Did you know?
A new Xhosa male initiate wears a cloth cap and red ochre on his face.
To outsiders attending a traditional event anywhere in Xhosa country (the old Transkei in the Eastern Cape), the crowd simply appears to be very colourfully clad.
Young maidens will be draped with ochre-coloured blankets; a tribal elder will walk past wrapped in his blanket, with his face covered in white clay; a married woman will linger at the stall, carrying a large beaded bag and puffing on a long-stemmed wooden pipe.
Xhosa traditional dress comes in various shades, shapes, sizes and hues – each with its own particular message.
In the silent but unmistakeable stylish language of clothing, you can see that a lady is married because her head is covered.

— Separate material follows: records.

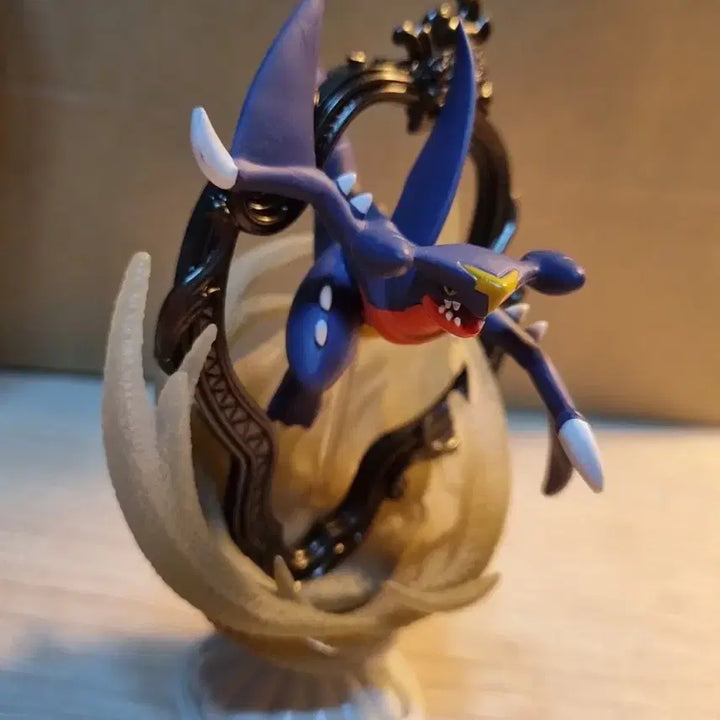 [BUNJANG] Re-ment Garchomp Decorative Figure / 포켓몬 데코레이티브 한카리아스 리멘트 피규어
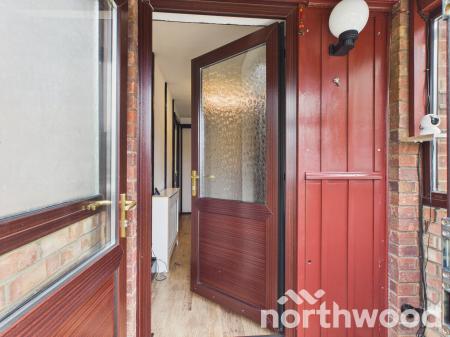 4 bedroom Detached house to let in Lakemead, Singleton, Ashford, TN23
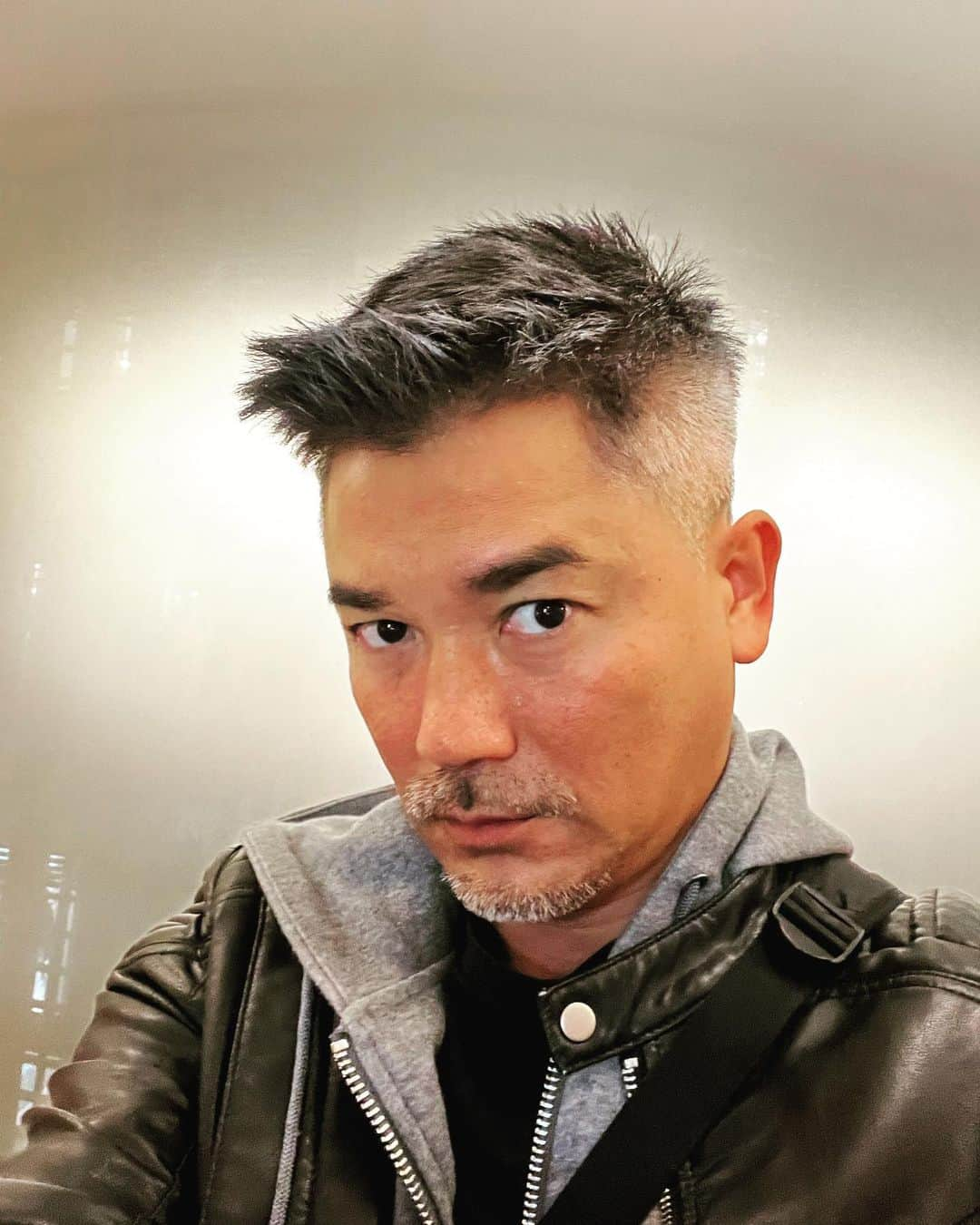 中村譲さんのインスタグラム写真 - (中村譲Instagram)「やっぱり横は刈り上げが1番いい感じ！そろそろ50歳なんでありのままのグレーでいこか😎 渋さを追求👌 #ロマンスグレー  #いけおじ目指す #ありのまま #渋さを求めて #アラフィフ #grayhair #shorthair #matuer #instaphoto #instapic」11月5日 16時39分 - joechan1515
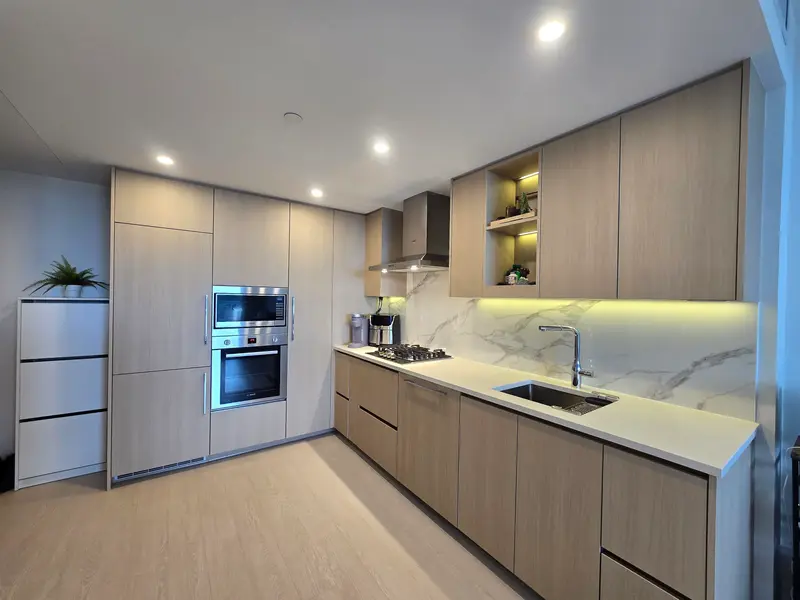 2303 13778 100 AVENUE - photo 4 of 25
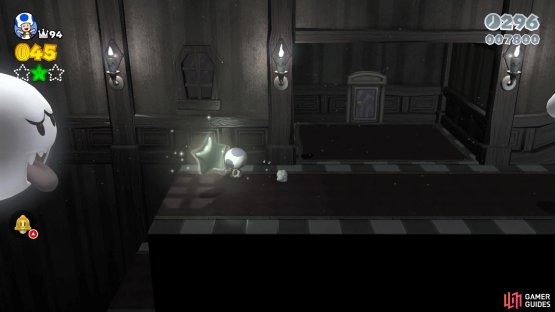 The third Green Star is at the end of this hallway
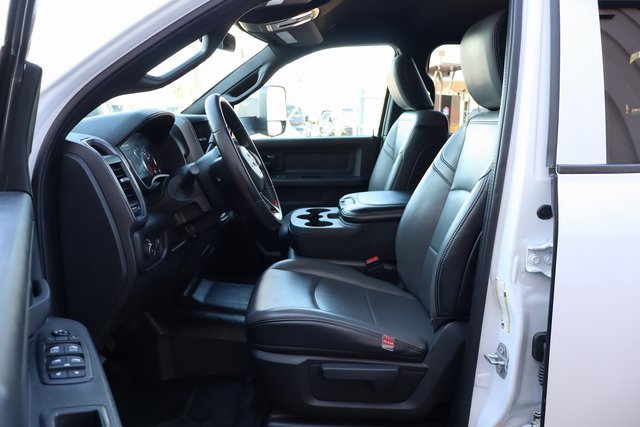 Used 2021 RAM 3500 Tradesman w/ Chrome Appearance Group image 11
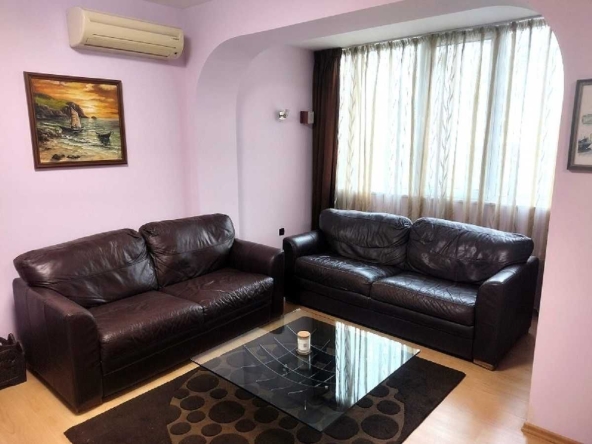 Дава се под наем Тристаен апартамент в Варна, Базар Левски - 90 кв.м за 765 € - Снимка #1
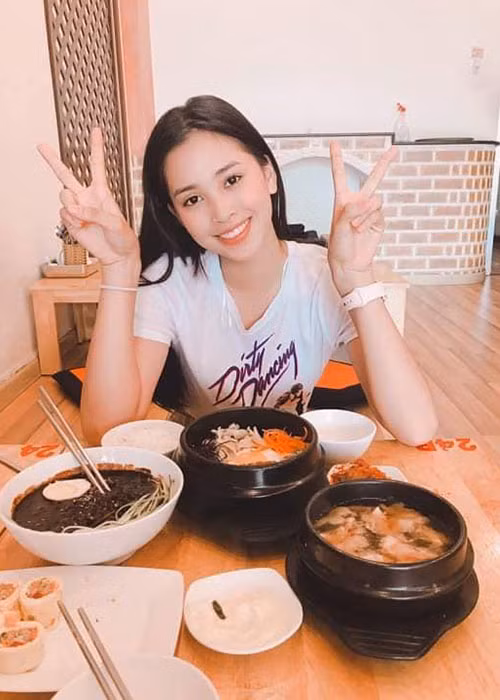 Chẳng mỹ nhân Việt giản dị ở đời thường mà lại đẹp mê hồn như Tiểu Vy.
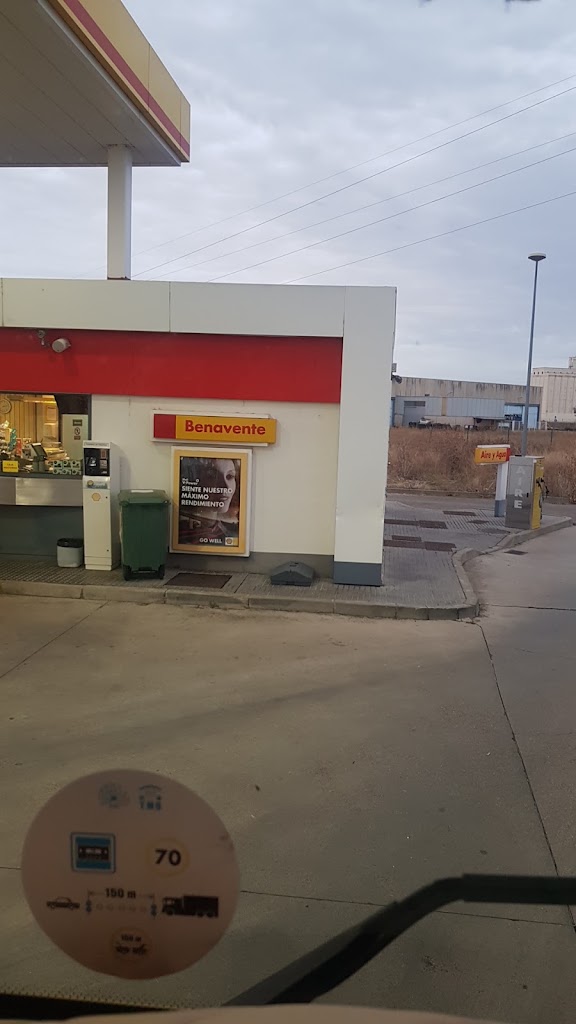 SHELL BENAVENTE — Estacion de servicio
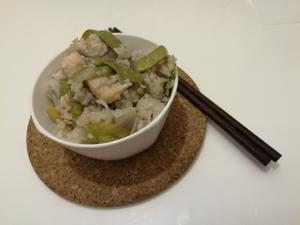 洋葱豌豆扁鸡肉焖饭的做法 步骤5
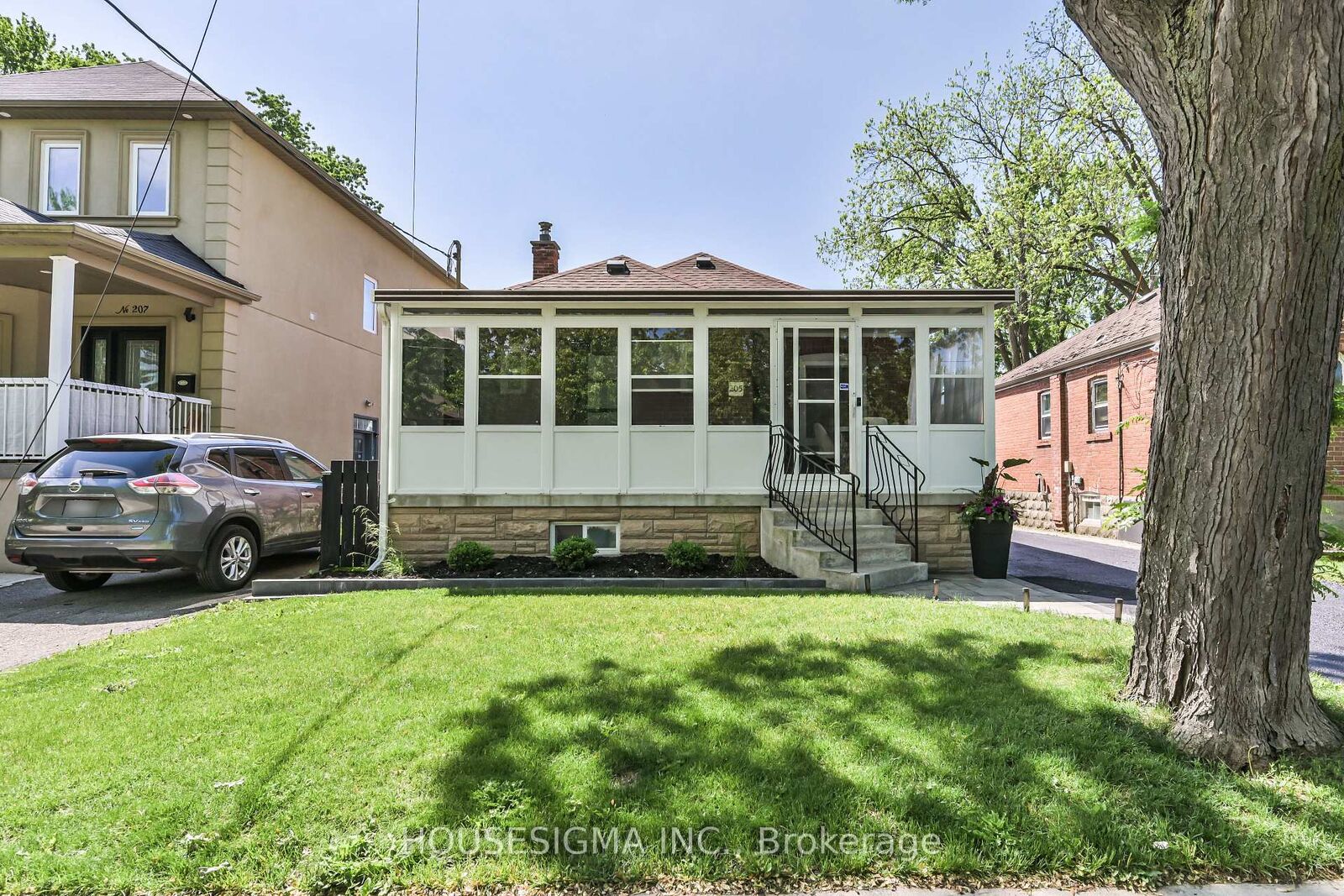 Property Photo:  205 William Street  ON M9N 2H2 
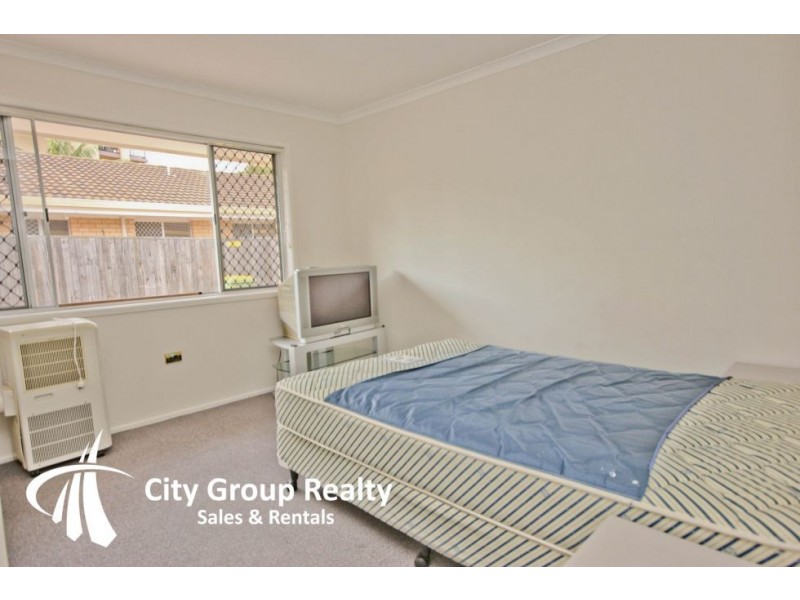 Chevron Island QLD 4217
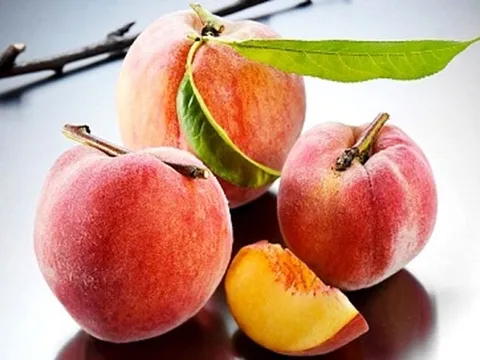 Ăn quả đào rất tốt, chống cả ung thư nhưng những người sau nên tránh xa kẻo 'rước họa vào thân'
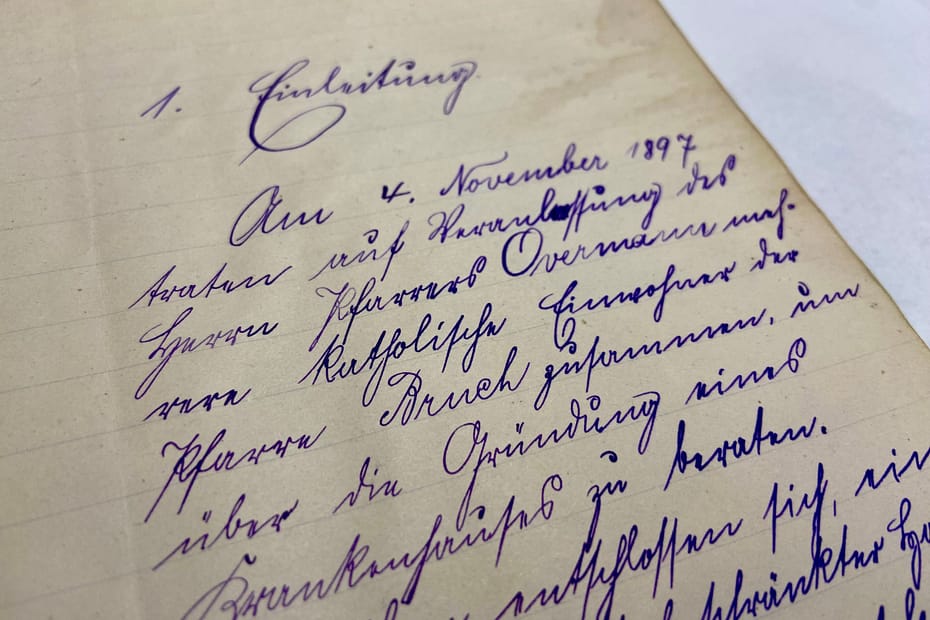 Handschriftlicher Textauszug übertitelt mit dem Wort Einleitung
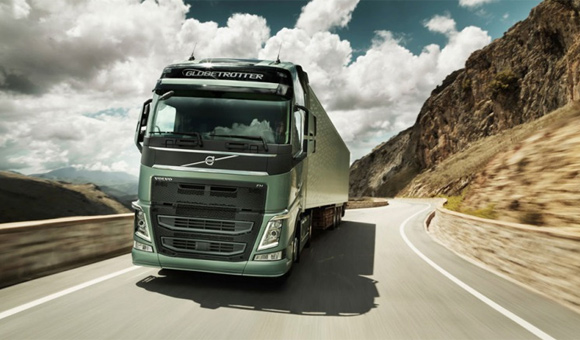 新疆：运费三连跳，出疆遇难题 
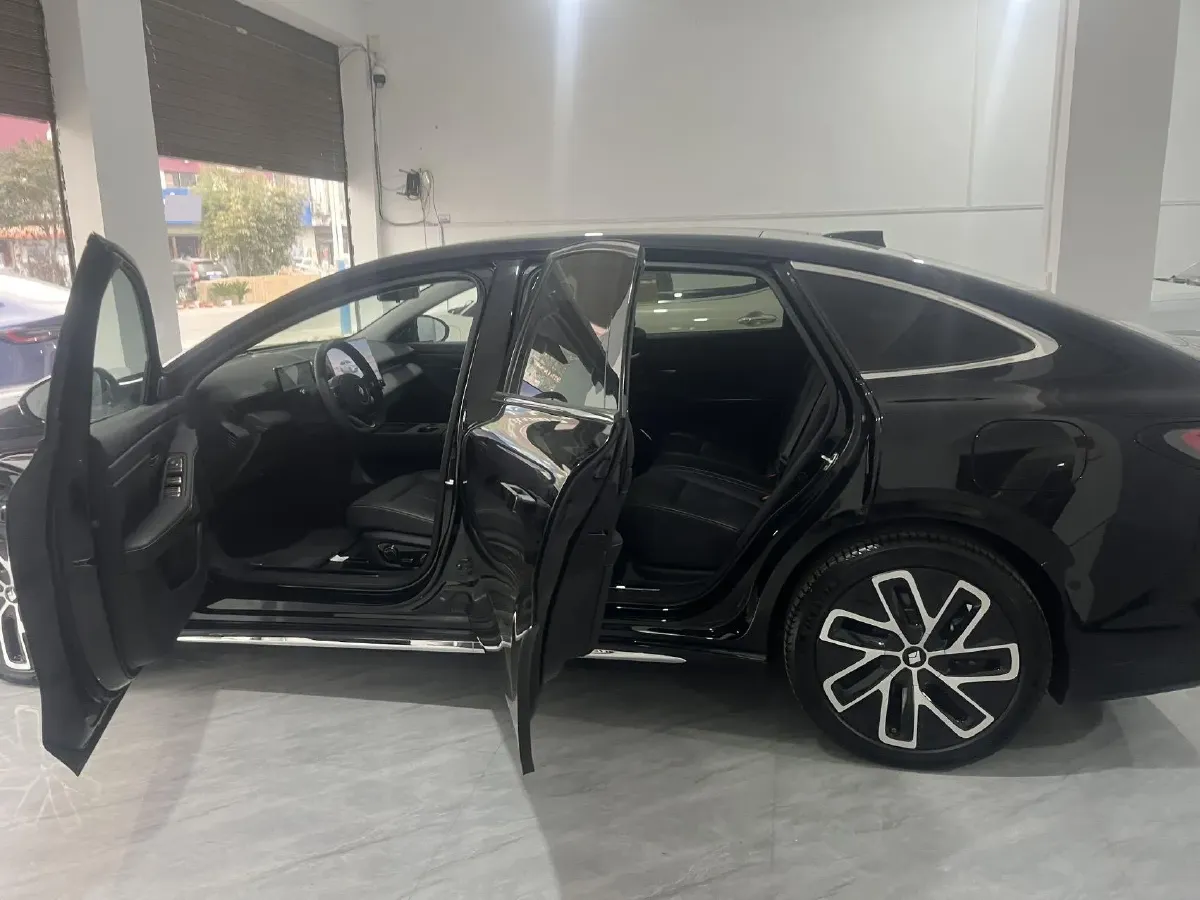 2025 BaoJun XiangJing 1.5T 143HP L4 1DHT PHEV,autocango,china used car exporter,china ev exporter,chinese used car exporter,chinese used ev exporter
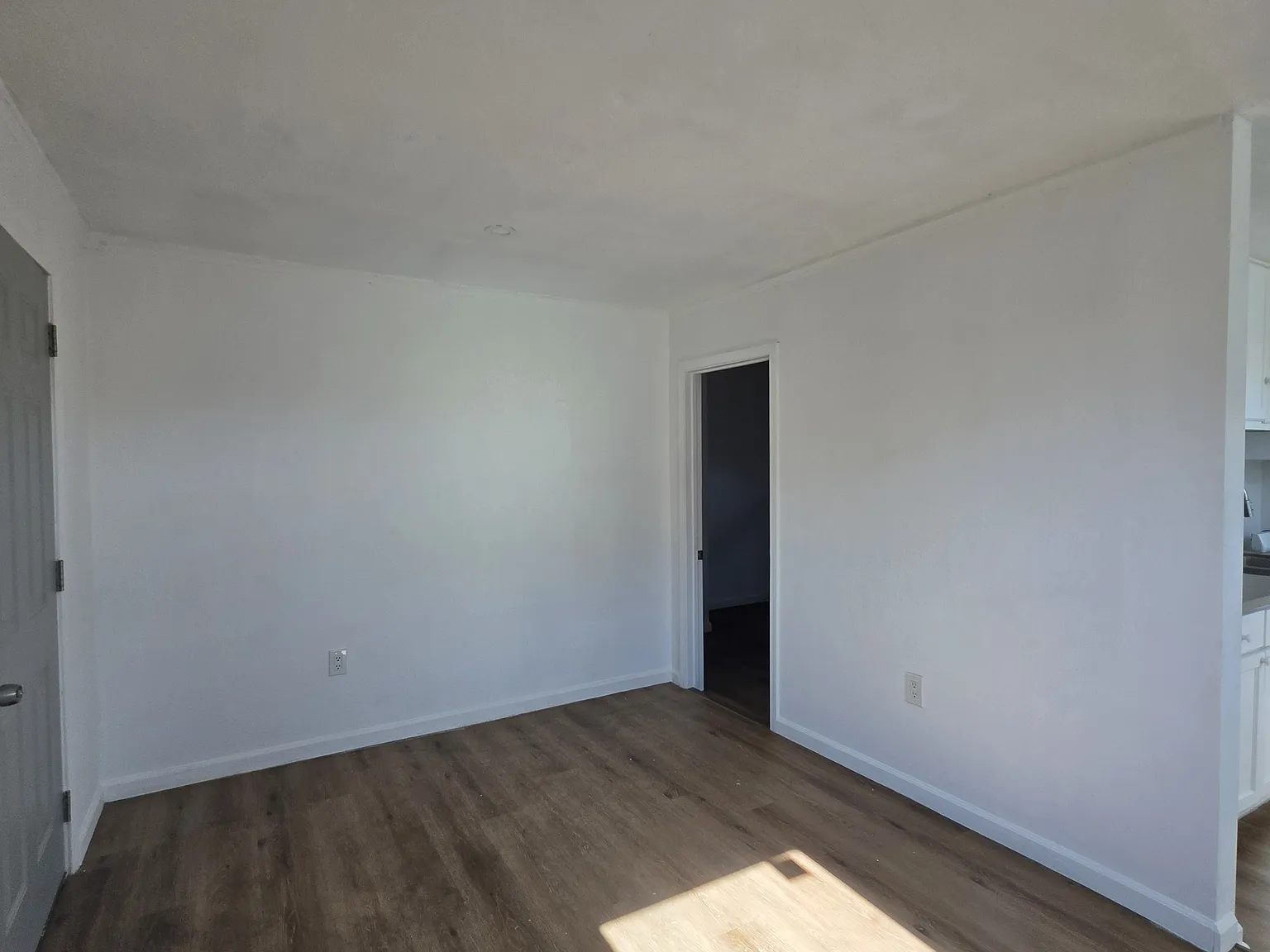 1 bed, $1,695 — Photo 4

If her turban dips below eye level, it means she has just married. Only young girls may go around bare-breasted.
In most Xhosa communities, it is all about the headpiece. The more elaborate the hat, the more senior the wearer.
Mama Tofu, a Xhosa cultural expert at Ngxingxolo near East London, explains about Xhosa traditional dress.
'Do you see how I am dressed? Look here: long skirt, no slit in front. I wear a marriage bib. These two aprons here? They show I am a widow.
'When a new wife enters her husband’s household, she must not be nosy and look around. She can move the doek (Afrikaans for ‘cloth’) up off her eyes only when she has had her first baby.'
The beadwork on a Xhosa woman says many things about her status in life and her surrounding community.
Similarly, Xhosa men possess certain traditional dress items.
Goatskin leggings are worn at a man’s first sacrificial killing of a goat. His necklace of turquoise beads connects him with his ancestors.
The goatskin bag – carried by both men and women in Xhosa culture – has been made with great skill and patience.